Blood spattered walls of a bedroom at the reported scene of the Haditha shooting
Women and children died in the attack in Haditha

The lawyer for one of the marines accused of the massacre has told the BBC that criminal charges will probably be brought soon.

And we have found that the marines were operating under some very disturbing conditions.

The accusation is that after a US marine lance corporal died in a roadside bombing in Haditha last November, his fellow marines went on a killing spree.

Twenty-four people died in the attack, including seven women and three children.

A 12-year-old girl who survived says the Americans killed them indiscriminately.

The marines said they had came under fire from the houses where the people died.

The lawyer representing one marine told us he believed they would face charges, but said they were following their rules of engagement.

"I don't think the facts will show they intentionally killed those civilians," Paul Hackett said. "It was in the heat of battle, in the heat of clearing the houses.

"That is, like it or not, that is what those marines are required to do. They are required to close with the enemy, and kill the enemy."

'Feral' conditions

But Haditha is not the only massacre that has been alleged against the US forces.

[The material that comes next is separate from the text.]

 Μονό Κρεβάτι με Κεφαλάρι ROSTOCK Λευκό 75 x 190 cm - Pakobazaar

A US inquiry has cleared them of blame for the deaths of civilians in Ishaqi in March - yet leading figures in the Iraqi government are unhappy, and want a wider investigation.

Kilo company soldiers in Haditha in October 2005
Members of Kilo Company were operating in deteriorating conditions

But what happened at Haditha seems more clear-cut.

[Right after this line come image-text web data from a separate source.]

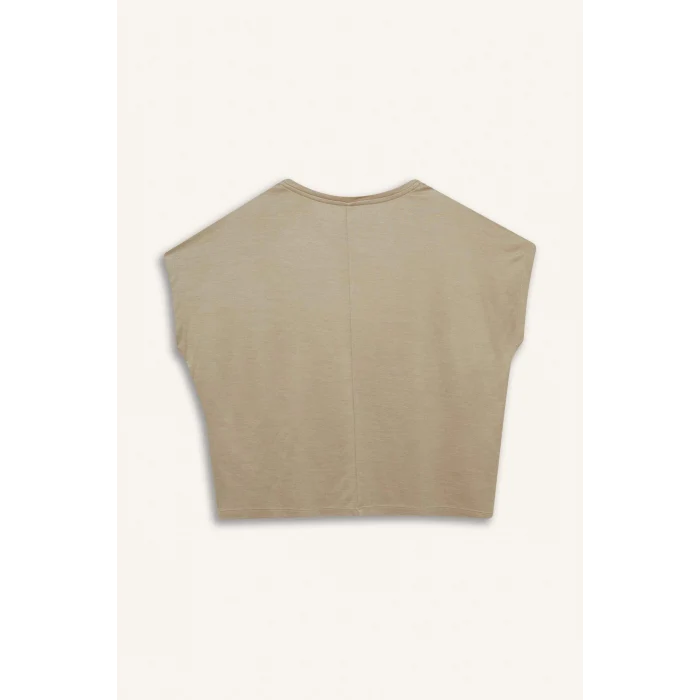 Defacto C8807 Bej Bisiklet Yaka Basic Düz Modal Kısa Kollu Tişört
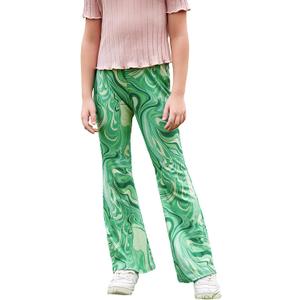 WDIRARA Girl's Printed High Waist Flare Leg Ribbed Knit Elastic Waist Casual Long Pants Green 9Y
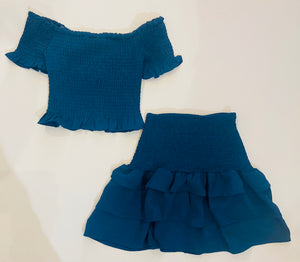 Teal Off Shoulder Top & Skirt Set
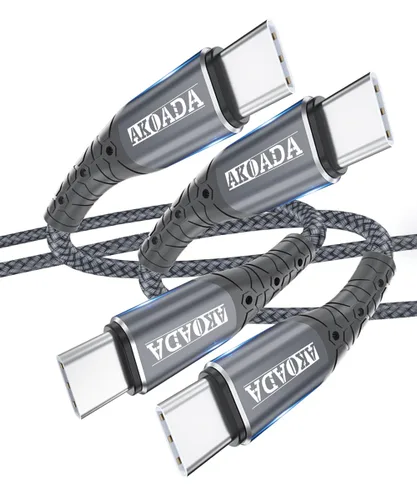 Vista 10 de AkoaDa Cable USB C a USB C de 100 W de 10 pies, 2 unidades, cable de carga rápida USBC de 5A para iPhone 17, 16, 15 Pro Max, Galaxy S25 FE S25 Ultra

It is an intensely dangerous place for the Americans, and the battle-weary men of Kilo Company - the unit which included the marines accused of the massacre - had lost a lot of men there.

And they were operating under disturbing circumstances.

Kilo Company's headquarters were three miles north of Haditha, at a vast dam across the Euphrates. It is a big target, because it supplies power to much of southern Iraq.

Four hundred men of the First Marine regiment were based in this decaying rabbit-warren. Conditions were so disgusting, many just moved out.

They set up these unofficial shacks alongside it. Conditions at the dam have been described as "feral".

Oliver Poole is one of the few reporters to have been there, shortly after the alleged massacre. He was shocked by these strange, primitive huts, which lacked even basic hygiene.

"You walked in and the first words were 'F off', and they were ripping pieces of wood apart to feed the fire," he said. "You could see the conditions in which they lived. And they were filthy. It was disgusting."

There seemed to him to be no real discipline.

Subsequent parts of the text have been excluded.